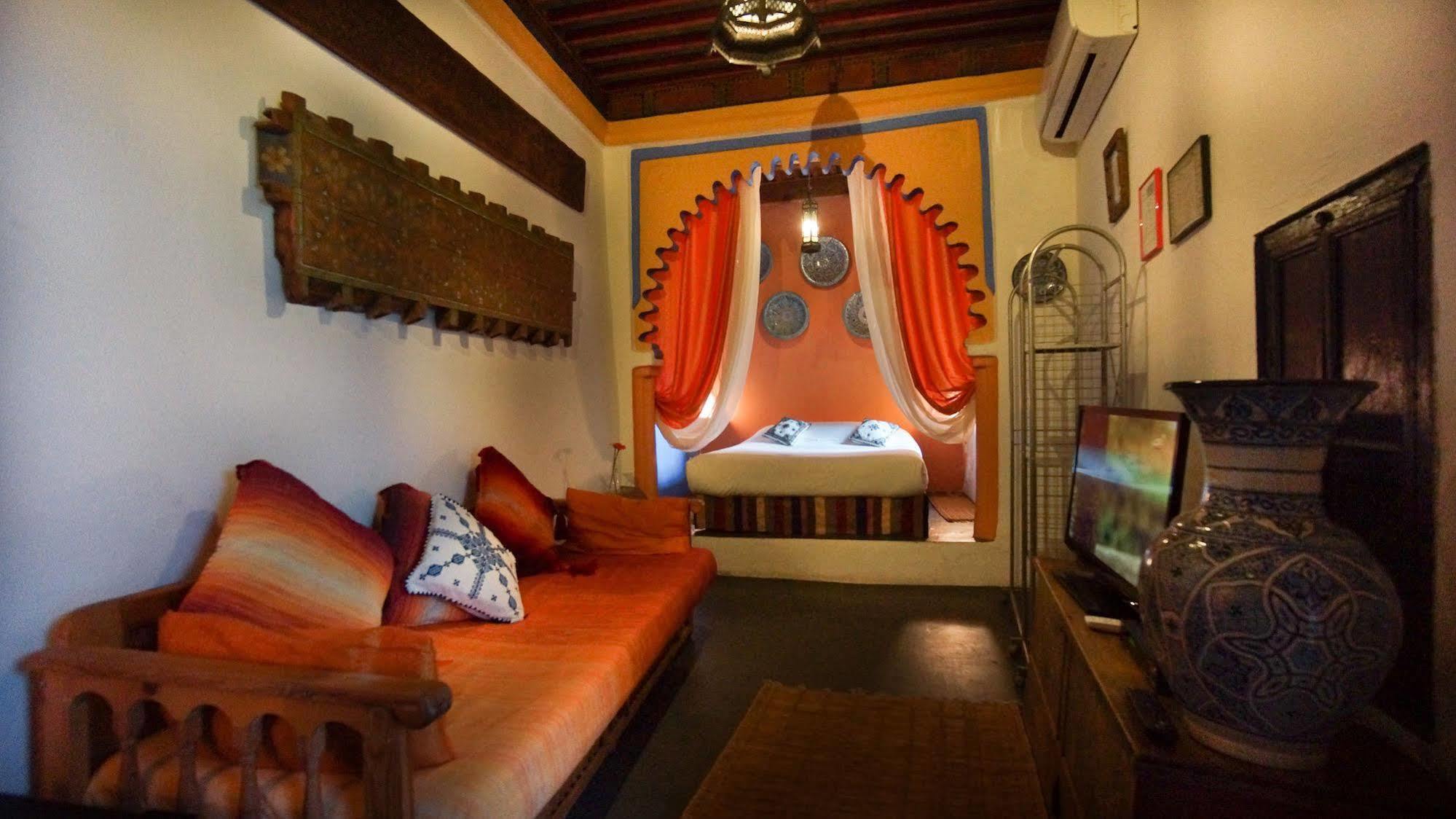 Hotel Casa Miguel Шефшауэн Экстерьер фото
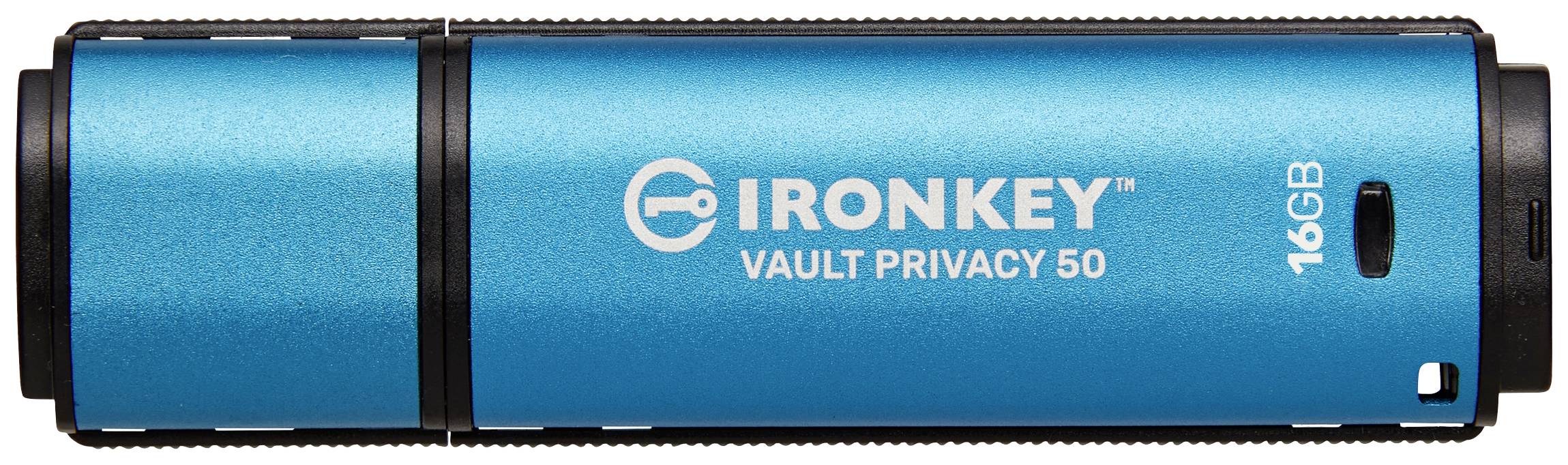 Une clé USB bleue de la marque IronKey portant l'inscription 'Vault Privacy 50'. Capacité : 16 Go.
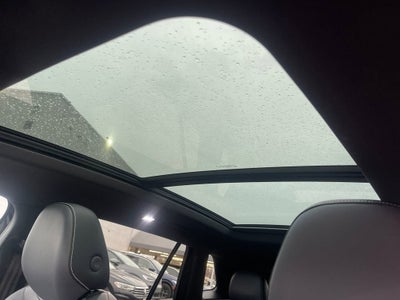 2025 Volkswagen Tiguan SE R-Line Black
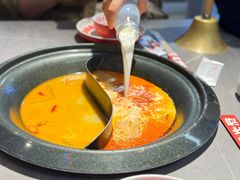-生活如沸·顺德水牛奶火锅(大学路店)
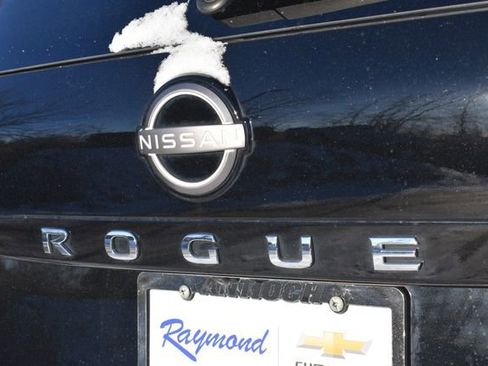 Used 2023 Nissan Rogue SV image 15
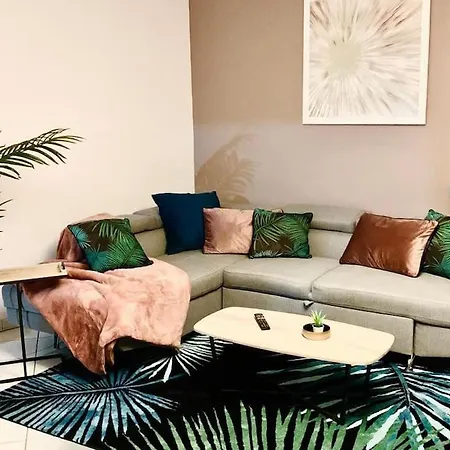 شقة Tour De L'europe, En Plein Centre Avec Parking. مُلووز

________________

= DIRECTIONS FOR THIS TASK =
Reproduce the material exactly; omit the pictures.

= RESULT BELOW =
 Hotel Casa Miguel Шефшауэн Экстерьер фото
 Une clé USB bleue de la marque IronKey portant l'inscription 'Vault Privacy 50'. Capacité : 16 Go.
 2025 Volkswagen Tiguan SE R-Line Black
-生活如沸·顺德水牛奶火锅(大学路店)
 Used 2023 Nissan Rogue SV image 15
 شقة Tour De L'europe, En Plein Centre Avec Parking. مُلووز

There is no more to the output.